> [What is required]
Every line below is to be copied exactly, with the pictures left out.

> [Supplied data]

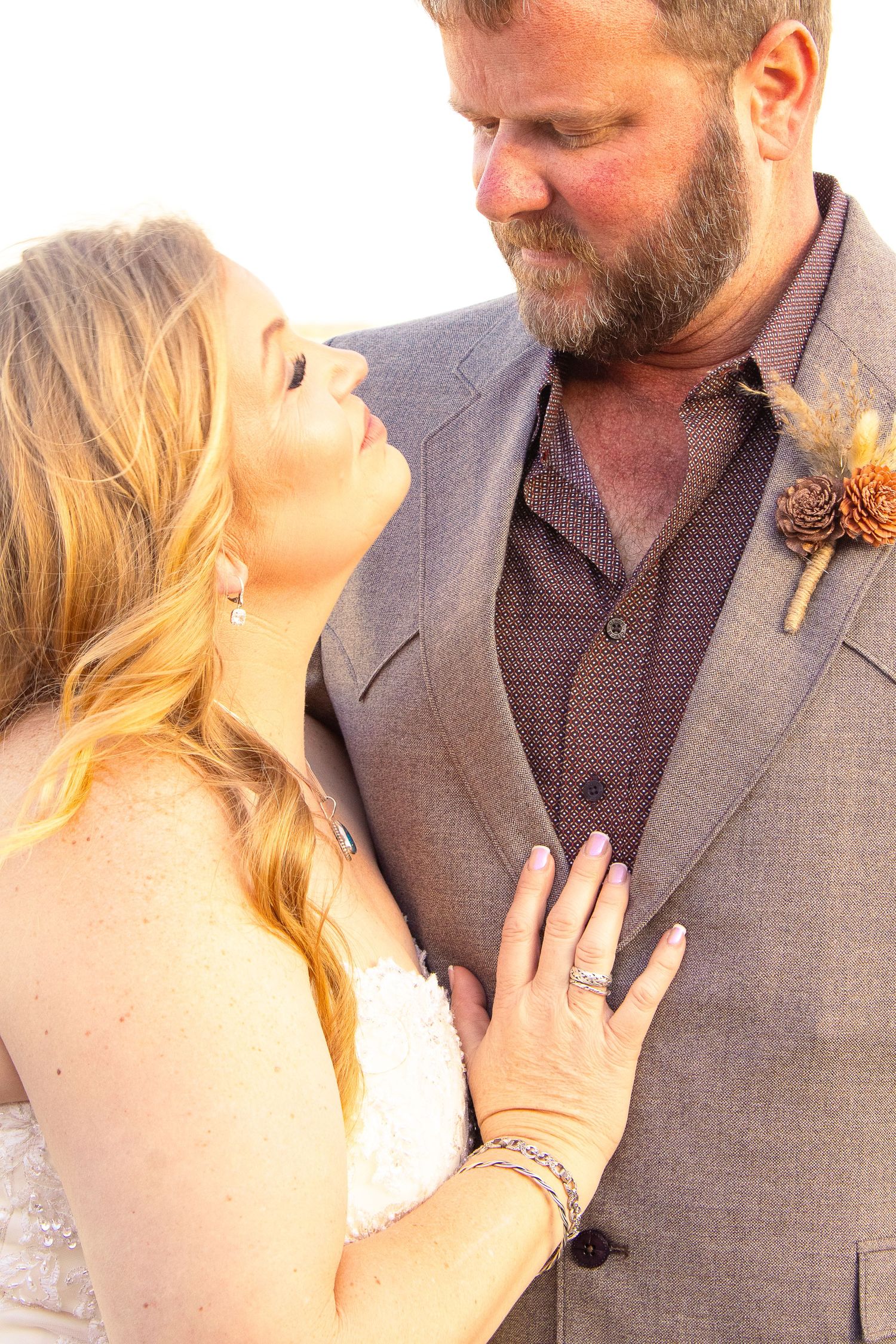 Romantic couple sharing intimate moment during wedding ceremony.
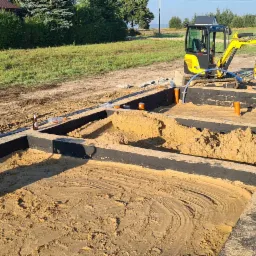 Przygotowanie terenu pod budowę domu: wykopane fundamenty z czarną izolacją, piasek wewnątrz, żółta mini koparka Yanmar i zagęszczarka w tle.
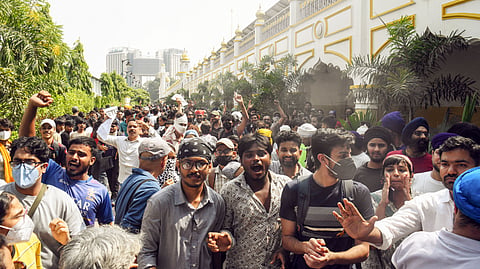 Protesters raise slogans inside Bangla Sahib Gurudwara during a protest against Chief Election Commissioner Gyanesh Kumar in New Delhi on Saturday, Oct 10, 2026.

> [Completed task]
 Romantic couple sharing intimate moment during wedding ceremony.
 Przygotowanie terenu pod budowę domu: wykopane fundamenty z czarną izolacją, piasek wewnątrz, żółta mini koparka Yanmar i zagęszczarka w tle.
 Protesters raise slogans inside Bangla Sahib Gurudwara during a protest against Chief Election Commissioner Gyanesh Kumar in New Delhi on Saturday, Oct 10, 2026.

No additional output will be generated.